Construction on Inukjuak’s hydro dam project is finally underway.
Since early July, residents of the Hudson coast community might have noticed blasting and heavy machinery traffic at a site outside town by the Inukjuak River.
That’s the future home of a 7.5-megawatt run-of-the-river dam — the Innavik hydro project — which is expected to be completed by the end of 2022. The plan is for Innavik to supply almost all the energy needed to power the community of 1,800, which currently relies on diesel.
Workers with CRT Construction have begun building a road extension to the dam site, constructing a bridge that will serve as an access road across the river, as well as excavating rock along the river’s shore to build a foundation for a power station.
“We’re finally getting started,” said Eric Atagotaaluk, who serves as project director under the Pituvik Landholding Corp., which is leading the project in partnership with Quebec firm Innergex Renewable Energy Inc.
“The plan was originally to start in May, so the work has been delayed by about two months,” he said. “But we’re still hoping to finish the work that was scheduled to be done in 2020.”
To do that, about 30 southern construction workers will fly in to Inukjuak between July and November, or until whenever the first major snowfall starts to halt work.
Pituvik was hoping to hire 18 local workers to assist with construction, but protocols that require visiting workers to quarantine once in the community make that difficult.
Workers who arrive in Inukjuak must quarantine for a 14-day period, which they can do while they are on the job, but it requires that they are isolated from anyone else.
“It has made it a bit more challenging,” Atagotaaluk said. “Some of them were really anticipating the work here.”
Pituvik signed off on an agreement with Hydro Quebec last fall that will see Pituvik sell all the energy produced at Innavik to the provincial agency, though neither party has indicated at what price.

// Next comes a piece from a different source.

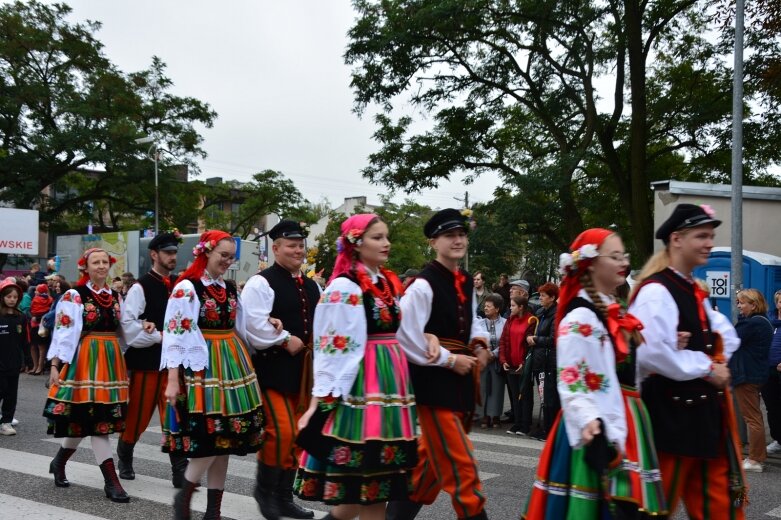  Parada smaków, kolorów i radości na ulicach Skierniewic. Ale widowisko!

The revenue from the sale of that power is set to go back to the community: one-third to social programs, one-third to economic development, and one-third to education and training.
There has been some local opposition to the project. With approximately 65 hectares set to be flooded for the dam, community members have shared concerns about the potential for mercury poisoning in the water and how that might affect local fish and wildlife populations.
Fish monitoring has already begun to establish baseline levels of mercury in the river.
Worries over negative effects prompted Pituvik to host a community information session in January, when the project leaders brought in experts to address people’s concerns.
“There will always be people who don’t accept the project,” Atagotaaluk said.
“But a majority of the community members were satisfied with the information that we shared with them.”
In 2021, crews are expected to build a diversion canal, which will re-route the river’s flow so the dam infrastructure can be installed.
The estimated cost of the construction is about $104 million, much of which will be covered by federal grants.